No, an ambush didn't frighten me one bit. Either way it went, evil would meet its punishment, and I'd be there to witness it.
We rode into the shadow of Giant's Clap. Just as Sanzio's mule poked his nose in, a blast of thunder rattled us from teeth to anklebones. We jolted, all four of us, the mules braying, and then Sanzio and I looked at each other and laughed like children.
Sanzio clasped his hand to his breast in a parody of shock and chuckled at his own fluttering heart. "You know, Jonathan, I thought that ol' giant got us for good that time!" I grinned and shook my head.
But the tension built again as we rode into that darkness with the storm ahead of us. Hooves echoed up the two flat sheets of ragged-topped rock to either side as we picked our way across that stony space. A gust of wind blew rain into our faces; soon the chert beneath us became slippery and we had to strike the mules to make them move at all.
I swear I felt relief when the robbers dropped down on us at last! I turned my mule so hard that the poor beast slid onto his side; I kicked free only just in time. I had my machete in one hand, knife in the other, before I'd even known myself what I did; the snick of the automatic sharpeners in the sheaths made a dangerous sound beneath the shouts.
Training took over. My limbs knew more than my mind; I kicked back and watched like a blood-sport spectator, cheering in my heart when I sheared off a wrist, triumphant when blood spurted other than mine. My muscles felt glad to twist and lunge and feint and dodge--I liked this! I didn't have any ethics left to tell me not to like it. The thunder burst again and the rain sheared in with so much force that it hit us almost horizontally, bathing that red stone till even the cliffs that towered to either side seemed to run with blood. I danced in battle like one of those demons of war in old Earth's Asia, that one could harness to causes evil or divine; I fought for Deirdre's life and it felt good.

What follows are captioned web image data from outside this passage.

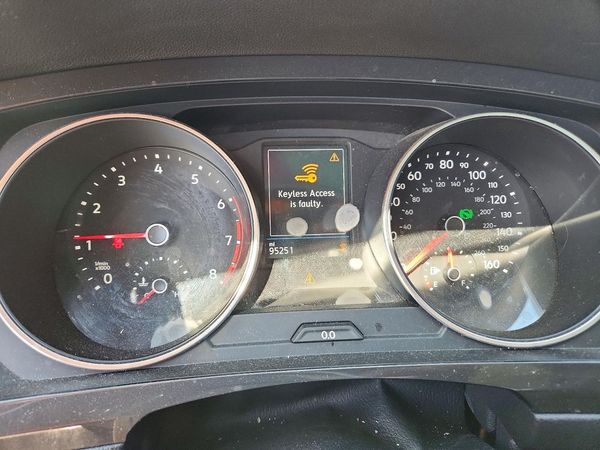 2018 VOLKSWAGEN TIGUAN SE, 4Motion SEL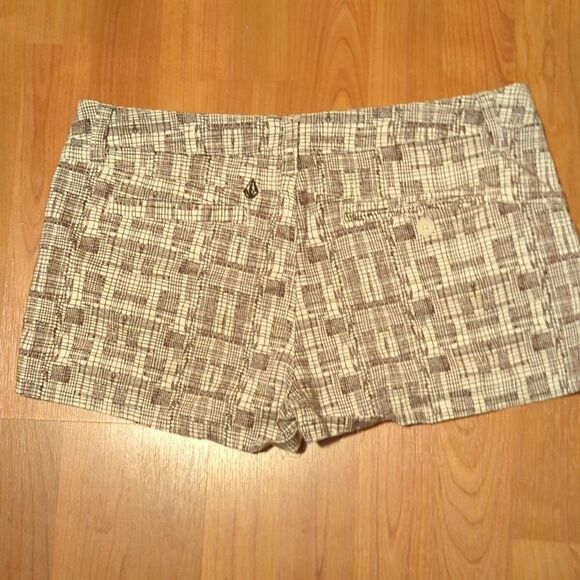 VOLCOM size 9 Juniors short shorts abstract design front back pockets - Picture 4 of 11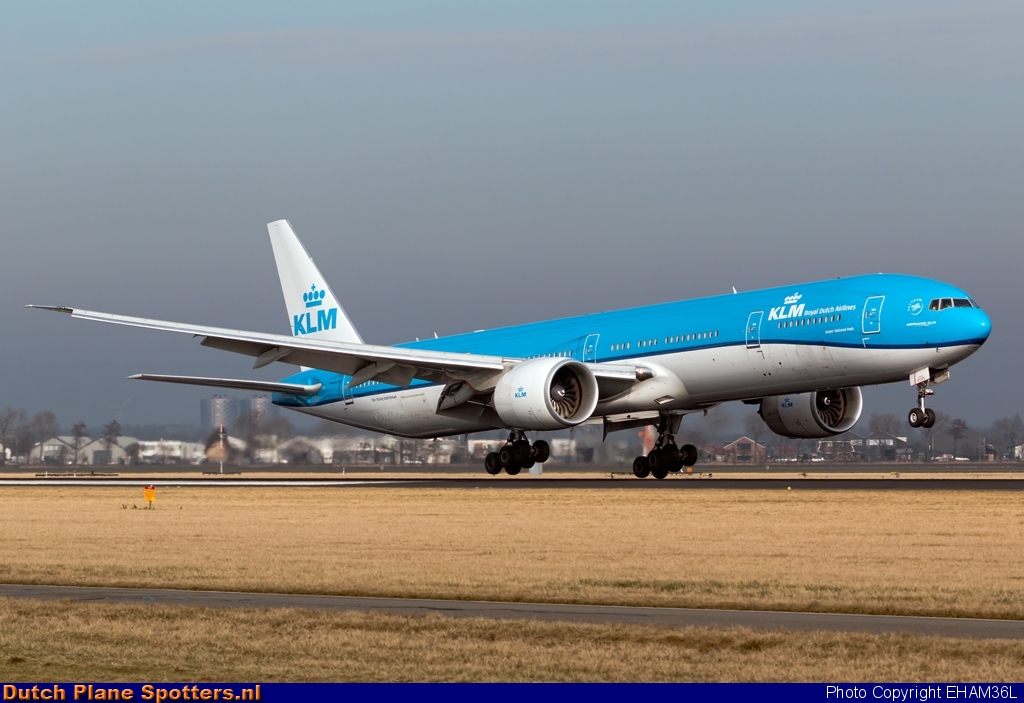 PH-BVP Boeing 777-300 KLM Royal Dutch Airlines by EHAM36L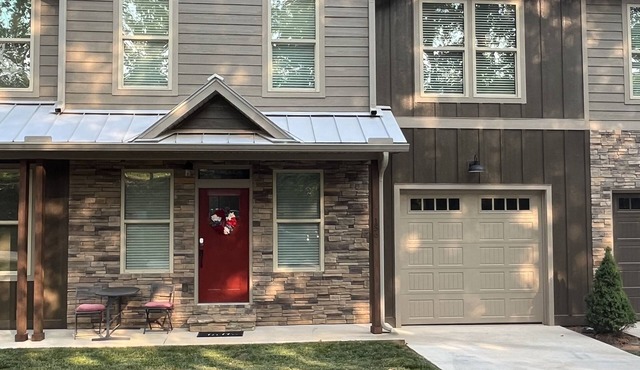 Downtown Clayton Townhouse in Clayton
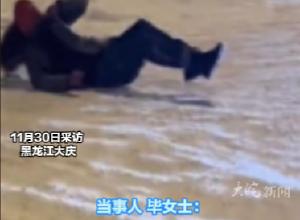 东北大哥酒后躺在雪地上睡着 
女子下车救人 嗷一嗓子中气十足 
当事人:气温近-10℃ 他还带水果来感谢 我才24岁 网友们评论太好笑了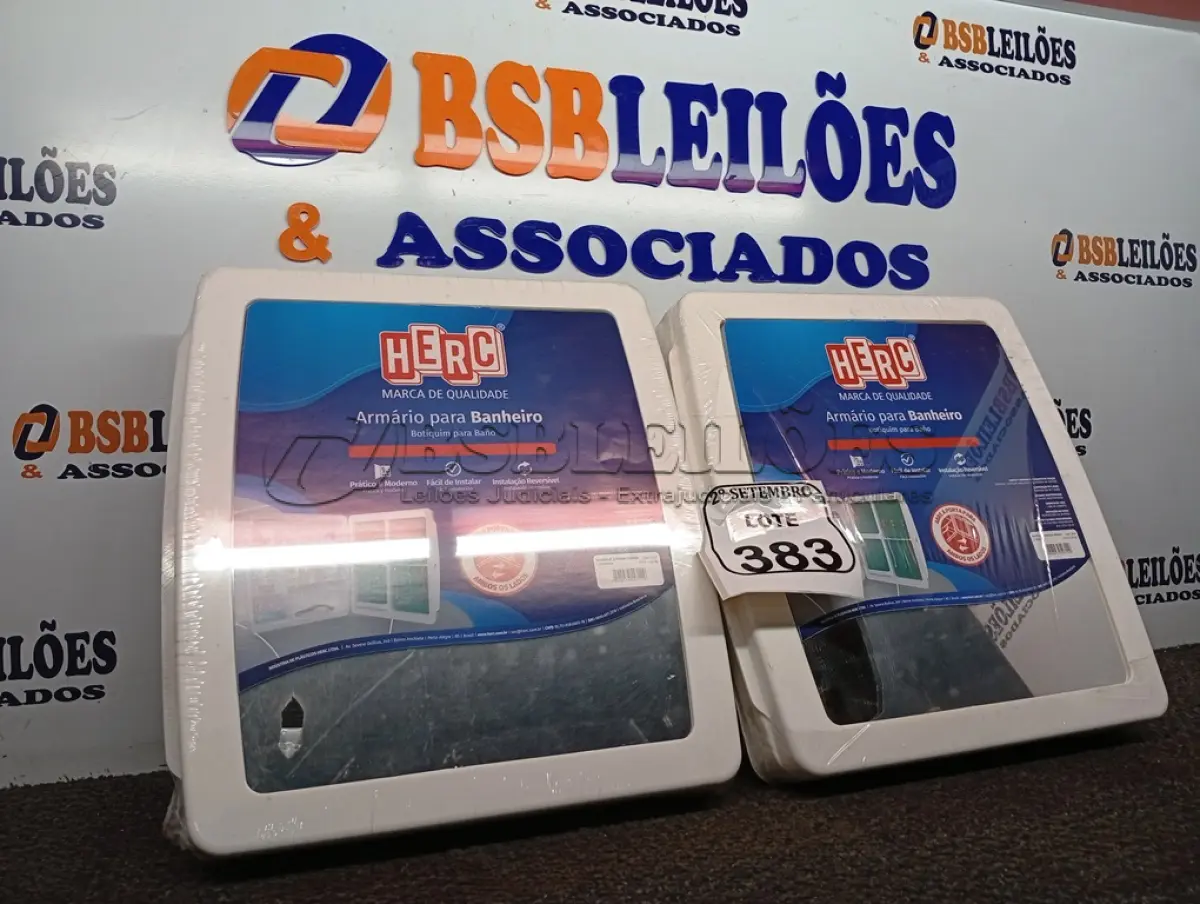 LOTE 383 - 02 ARMÁRIOS PLAST EMB 34X37X10CM BRANCO HERC. (NO ESTADO) ATENÇÃO! FAZER A VISITAÇÃO ANTES DE ARREMATAR, NÃO SABEMOS SE FUNCIONA. LEILÃO NÃO TEM GARANTIA E NEM DEVOLUÇÃO, SUJEITO A POSSÍVEIS AVARIAS VISÍVEIS/OCULTAS E/OU AUSÊNCIA DE COMPONENTES.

And afterwards I stood there, all our enemies slain, I stood there with no shouts around us anymore, nothing but the softening patter of the rain as the storm moved on. "Hey," I said with a grin, "We didn't do too bad for two guys outnumbered by a whole robber gang."
"Look again," Sanzio said in disgust as he pulled off a bloodstained shirt to exchange it for a clean one. "Those poor beggars were starving." I saw now that the wrist I'd severed so easily had little more to it than bone. I looked at cheeks so sunken that they seemed to decompose before my eyes. "My granny could've beat them off with a broom."
"Starving?" I asked, dripping rain. "In the Charadoc?"
"Well, he drawled, "Not officially." Then he helped me check my floundered mule for injuries and, finding him sound, boosted me back onto him.
* * *
I watch Marduk watching Alysha as she sways through the underbrush, leaves tangled in her moon-pale hair. His eyes gleam dark under thick, black brows--panther eyes, stalking the lithe-limbed deer.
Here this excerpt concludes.